Monday, June 07, 2004

Unpatriotic

Not Even a Hedgehog - The Stupidity of Ronald Reagan

Is it unconscionable that I wasn't terribly sad to hear that Ronald Reagan--the President who replied to my letter when I was eight years old by sending a glossy mini-magazine about the White House--died on Saturday? For all the worship he receives from the general public, most pundits seem to acknowledge that he was in many ways inept and that he created the modern-day, deficit-spending, government-averse Republican party. (William Saletan's explanation of "Reagan's Law" is brilliant.)

So I pretty much think the guy was a buffoon, but that's not why I wasn't especially sad; I'm patriotic enough that I'd be sad to see even our current buffoon drop dead. I'm just glad that Reagan was able to die without suffering any longer, and hopeful that he didn't really know what was happening anymore when he passed on. On a more cynical note, his timing is better than I expected; I thought he would die sometime in October, three or four days after they parade Bin Laden out of the Oval Office and two weeks before the election, just in time to cancel a couple of the debates. (Howard Fineman argues that Reagan's death is good for Bush, but it would have been almost inarguably better for him to give the eulogy at an October 30 funeral. Can you imagine a better way for Bush to suddenly appear to rise above the fray of the campaign and invoke his ties to a man who, right or wrong, some folks believe belongs on Mount Rushmore?)

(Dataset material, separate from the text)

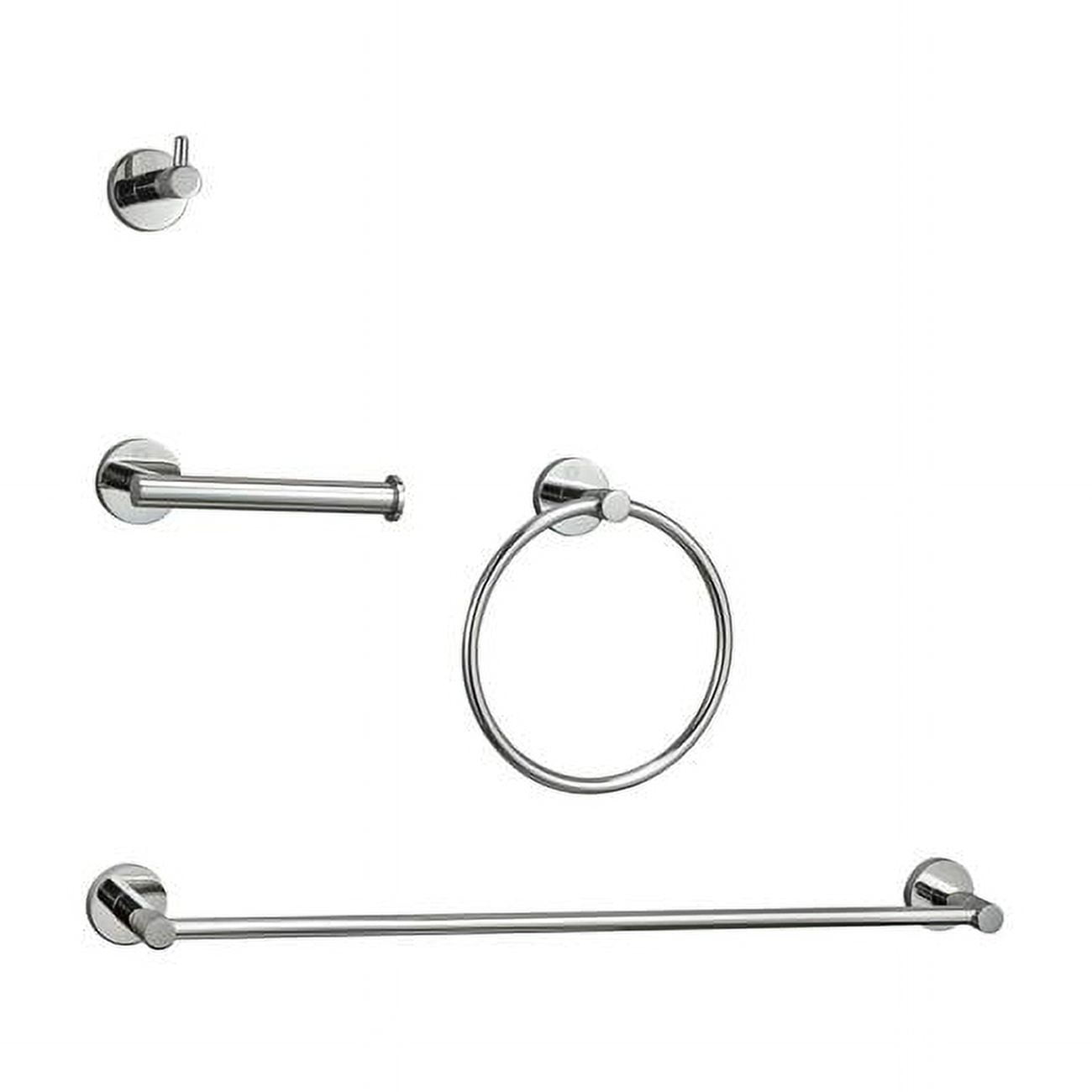 Freya 4-Piece Chrome Stainless Steel Bathroom Hardware Set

Republican revisionists aside, history will not be kind to Reagan; in the right place at the right time to watch the Cold War end, he accomplished precious little else during his eight years in office--unless ballooning the debt or lying to Congress about selling weapons to revolutionaries counts as achievement. I hope his soul lingers this week, suddenly restored to the lucidity he possessed back when he was president (of the Screen Actors Guild, not the United States--he surely wasn't with it by then), able to hear the kind words that will be heaped on him by those who fetishize him because he seemed able to smile through anything. And I hope, out of kindness, that his soul flees the scene on Saturday. This campaign season will see his ideas excoriated for the fluff and pandering they were during his presidency and remain as carried on by Bush, and teachers in future classrooms will no doubt heap something quite unlike praise upon the man as they explain to their pupils how he started the chain reaction that allowed them to be born indebted for the sins and spending of their fathers. It already worked that way in the Bible. Reagan made sure it worked that way in America, too.

4 comments:

Anonymous said...

Remind me to be an ass when your beloved Bill Clinton dies.

Talk about someone at the right place at the right time; look at Clinton and the economic prosperity of the 90s. You should be praising Gates and Greenspan for that.

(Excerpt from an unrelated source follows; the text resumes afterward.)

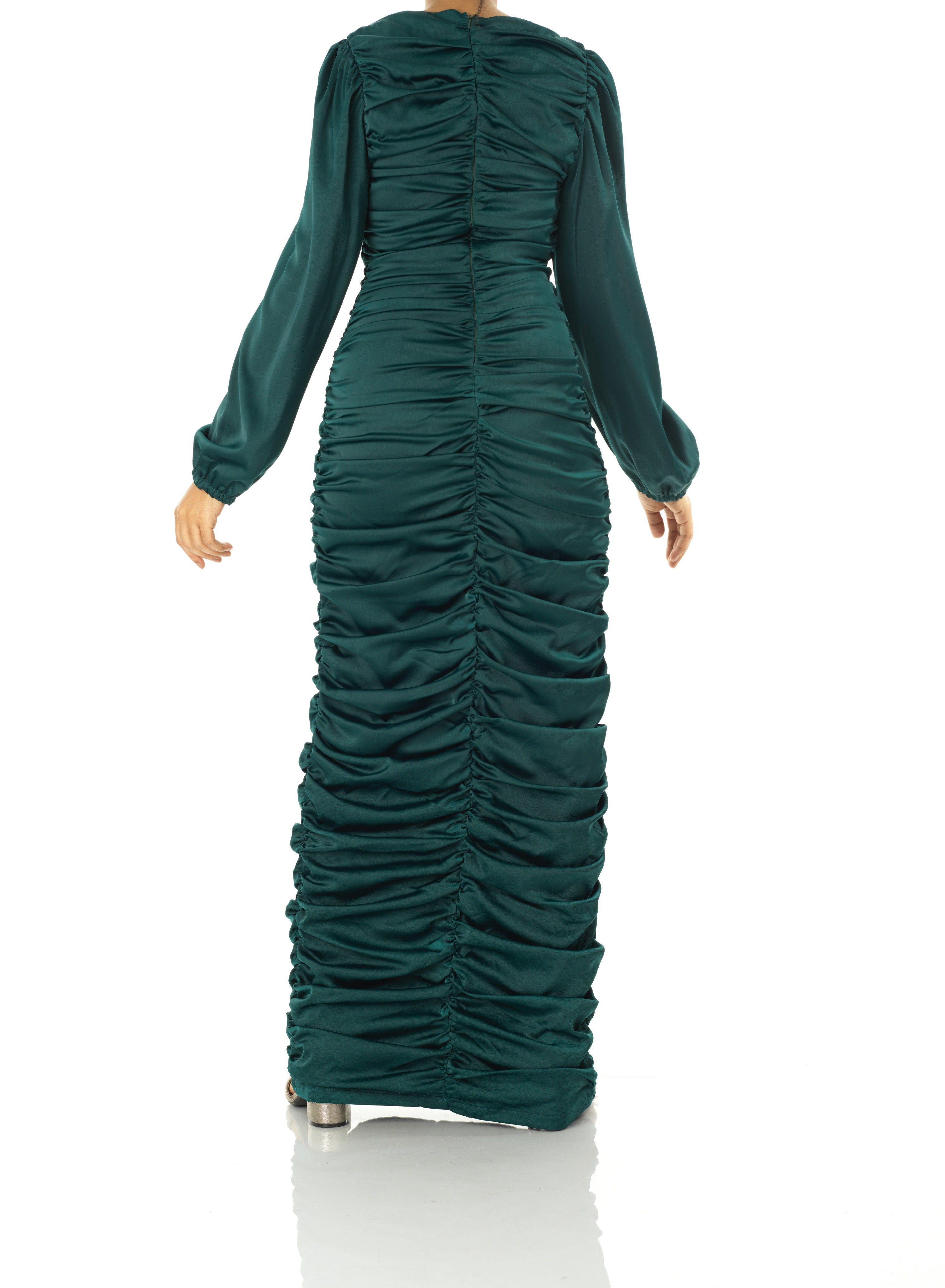 Ruched body-con satin maxi dress Kabayare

Reagan should not get all the credit for ending the Cold War, but he played a major role and should be remembered.

Was Reagan perfect? No.

Was he right for America in the 80s? I think the answer is a definite yes.

~rusty

Richard said...

When my beloved Clinton dies, thoroughly biased folk like Rusty will be the only ones who suggest that he wasn't one of the best leaders the nation has ever had. Intelligence and thoughtfulness leave a far better long-term legacy than using the notion that you're an idiot to defend yourself against an arms scandal.

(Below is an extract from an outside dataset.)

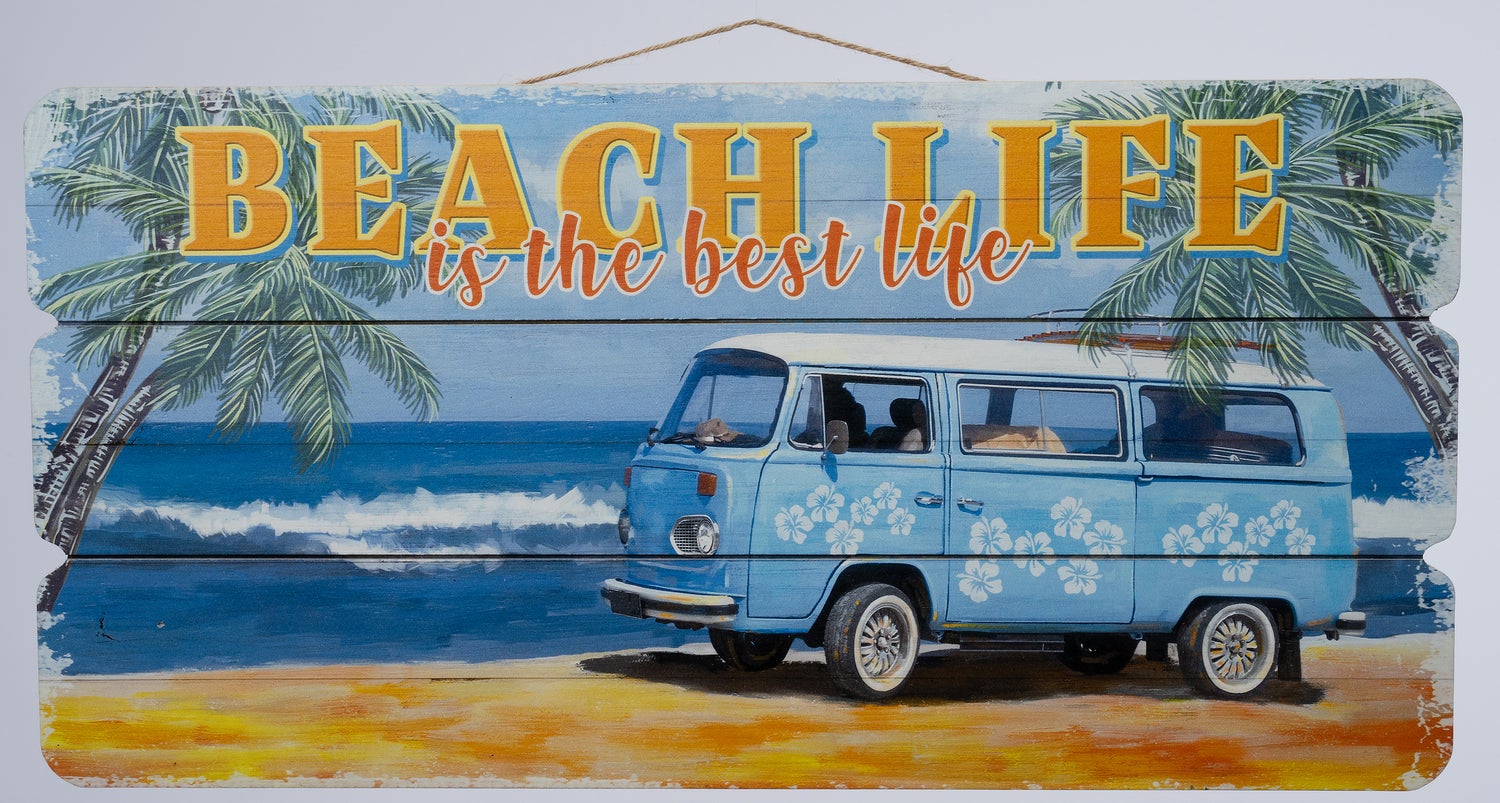 Intratuin tuin wandbord Beach camper blauw 30 x 60 cm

Yet Rusty claims that Reagan was the right person for the '80s, so I ask: Why? And wouldn't American politics be in better shape if we had chosen Walter Mondale's candor (I'm going to raise your taxes; let me tell you why) over Reagan's deceit(I'm not going to raise your taxes--oops, I had to)? Is it a good thing that we now talk around every problem rather than dealing with it directly? As Mondale said, "Reagan was promising them 'morning in America,' and I was promising a root canal." Isn't a root canal sometimes a necessary and good thing? Don't we need politicians who are willing to say so? More than anything else, Reagan shaped a culture of untruth and deceit that pervades today's political environment. Maybe that's the right man for the craven '80s, but it surely isn't helping us today.

Anonymous said...

[sarcasm]
you know Richard, you are right.

Americans should have voted in a landslide, of oh, 49 states or so, to elect Mondale. Let's tax ourselves out of the economic prosperity of 83 and 84 and return to the late 70s and first two years of Reagan.

Wait, that wouldn't happen, cause raising marginal tax rates REALLY helps the economy grow. Whatever was I thinking?
[/sarcasm]

I am truely sorry that I even replied to this blog. I will just take my optimistic view of the world and go share it with people who believe that Republicans actually are capable of doing some good in the world. Cause I can't find that here.

And to be honest, trying to have an honest dicussion about any political topic just doesn't seem feasible here.

Richard said...

I guess I'm supposed to respond with some sort of gnashing of teeth or something. But frankly, good riddance. I'm not terribly interested in being told how government will destroy us all or listening to you claim to be part of that wonderful optimistic Republican party when what you mean is that you've been drinking the Kool-Aid with the rest of them and have become delusional as a result. If by honest discussion you mean that you want to find someone who agrees with you, Rusty, then you've clearly been looking in the wrong place by looking here. Good luck finding a better one.